The application of resilience thinking to healthcare is however not new, with RHC being first proposed by Eric Hollnagel in 2011 [ 8 ] to describe the application of resilience engineering [ 9 ] and disaster resilience [ 10 , 11 ] to healthcare. RHC acknowledges the complex adaptive nature of healthcare, recognising the adaptive and transformative capabilities that enable healthcare systems to continue to perform their functions in the face of challenges [ 12 , 13 ]. Despite its conceptual appeal, there have been challenges in translating the principles of RHC into concrete improvements, with compelling examples remaining scarce [ 14 ].

The importance of RHC is reflected in the growing number of reviews on the topic [ 13 , 15 , 16 ]. Although these reviews identified that the RHC literature has been predominantly conceptual, rather than empirical [ 13 , 15 , 16 ], empirical applications of RHC have increased.
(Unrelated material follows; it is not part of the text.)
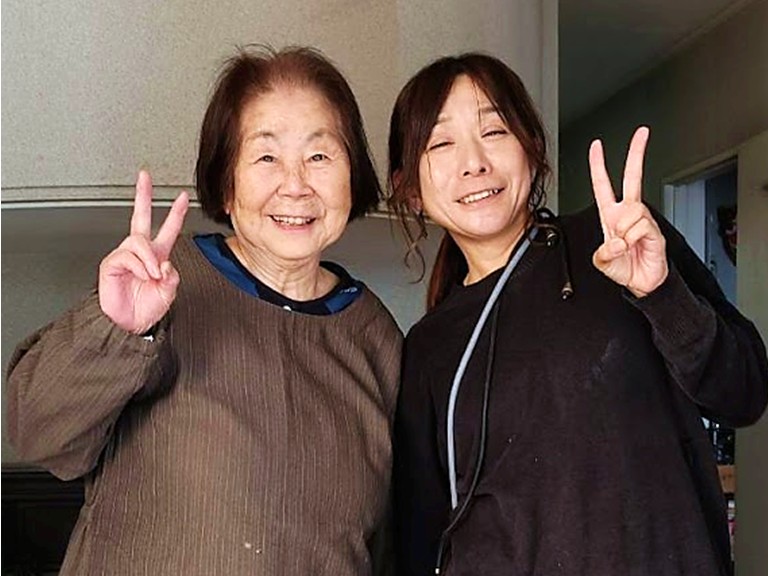 和泉市で2階建て住宅の階段と外部階段に手すりを取り付けたK様の声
A systematic review conducted prior to the pandemic identified 71 empirical studies on health system resilience from 2008 to 2019, with 62% of these published in the last two years of the review (i.e., from 2017 to 2019) [ 15 ]. However, much of this existing empirical literature has focused on clinical microsystems at the ‘sharp end’ and how frontline healthcare professionals within hospital settings collectively adapt, ‘work around’, or enable things to go well [ 2 , 13 ], with a lack of empirical studies particularly at the meso and macro-levels (i.e., government, national, international) [ 14 ]. Qualitative research methods have also predominated in the empirical studies [ 13 , 15 ], reflecting that priorities have been placed on gaining in-depth understanding of everyday clinical work at the micro-level.
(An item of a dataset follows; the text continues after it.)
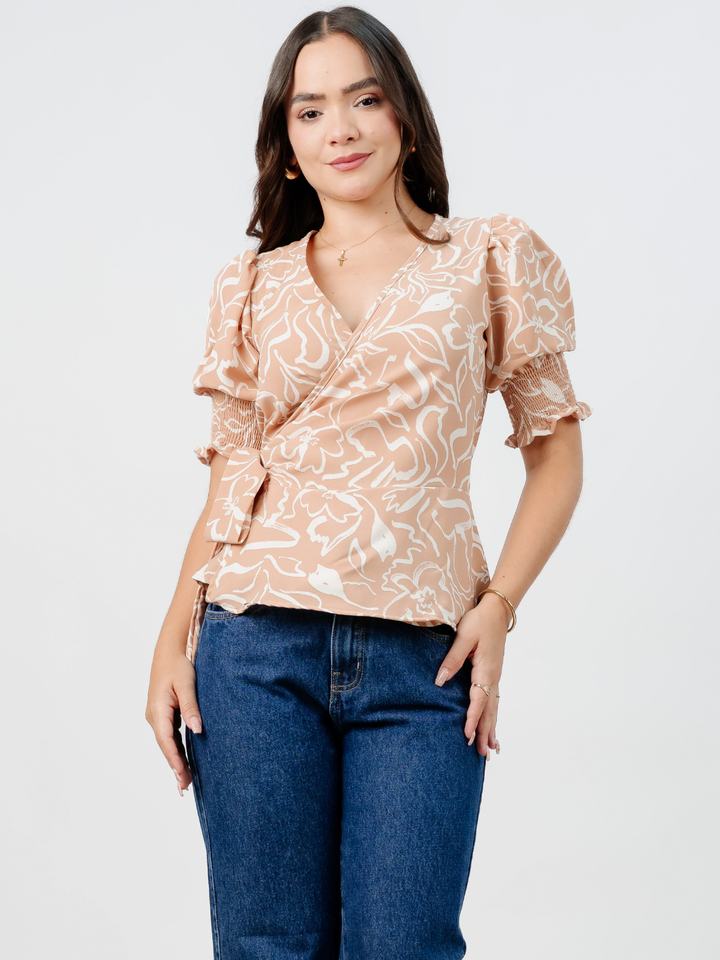 BLUSA PEPLUM ENVOLVENTE JACKIE BEIGE FLOREADO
Another noteworthy gap in the RHC literature is the limited discussions on how ‘individual agents’ (e.g., doctors, nurses) [ 17 ] within the health system may be personally affected by their efforts to maintain system resilience [ 18 ]. However, the time appears ripe for this issue to be explored in the context of RHC, particularly in light of the COVID-19 pandemic, which has caused major disruptions across all system levels and created a need for ongoing adaptation by healthcare workers, which many suggest has resulted in widespread mental health issues and burnout amongst these workers [ 19 , 20 ].

The present study

Interest in RHC has accelerated since the onset of the COVID-19 pandemic, as indicated by the sharp increase in the number of publications in ‘health systems resilience’ since 2020 (Fig.  1 ). With the growth in empirical contributions in this field, it is timely to examine the published empirical research to determine the status of the field and identify whether there is any further evidence on how to generate or strengthen resilient performance to manage future pandemics and emergencies. Understanding factors that develop or enhance RHC is critical to developing strategies and tools for strengthening their resilience [ 12 ]. For this review, we defined an empirical study as one that reports primary or secondary data gathered by means of a specific methodological approach [ 21 ]. The objective of this study was to conduct a scoping review of empirical investigations of RHC in response to the COVID-19 pandemic with four key aims:

Map out the empirical research within the resilient healthcare domain across all system levels (micro, meso, macro).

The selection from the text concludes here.